## [Exercise data]
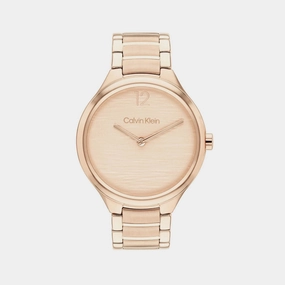 Women Quartz Gold Dial Analog Stainless Steel Watch 25100050
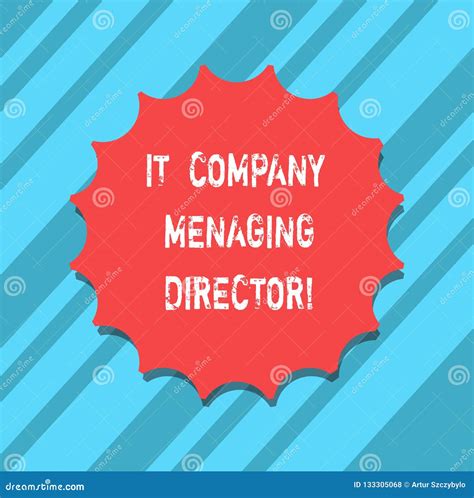 Text Sign Showing It Company Managing Director Conceptual Photo Professional Information
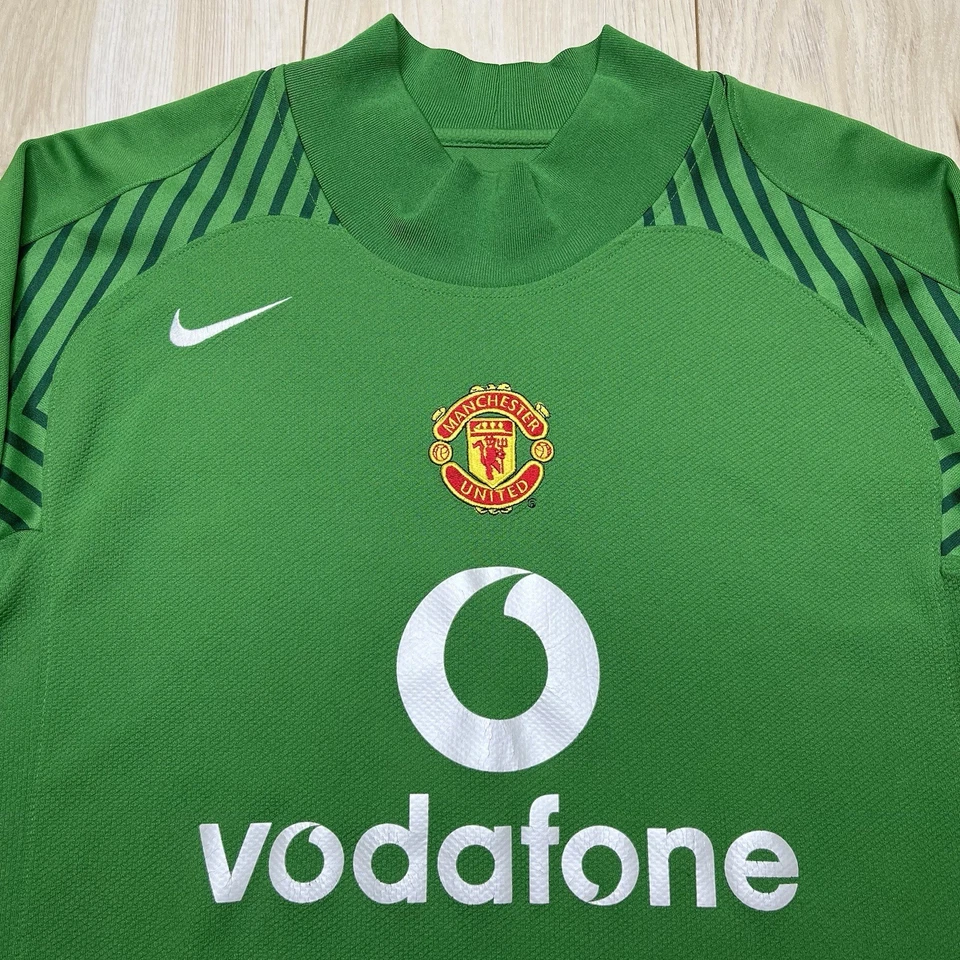 Camiseta de fútbol de portero Nike Manchester United 2004-2006 de colección y2k para hombre mediana Foto 2 de 4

## [Task brief]
Your copy should match the data exactly, apart from the images, which are dropped.

## [Exercise result]
 Women Quartz Gold Dial Analog Stainless Steel Watch 25100050
 Text Sign Showing It Company Managing Director Conceptual Photo Professional Information
 Camiseta de fútbol de portero Nike Manchester United 2004-2006 de colección y2k para hombre mediana Foto 2 de 4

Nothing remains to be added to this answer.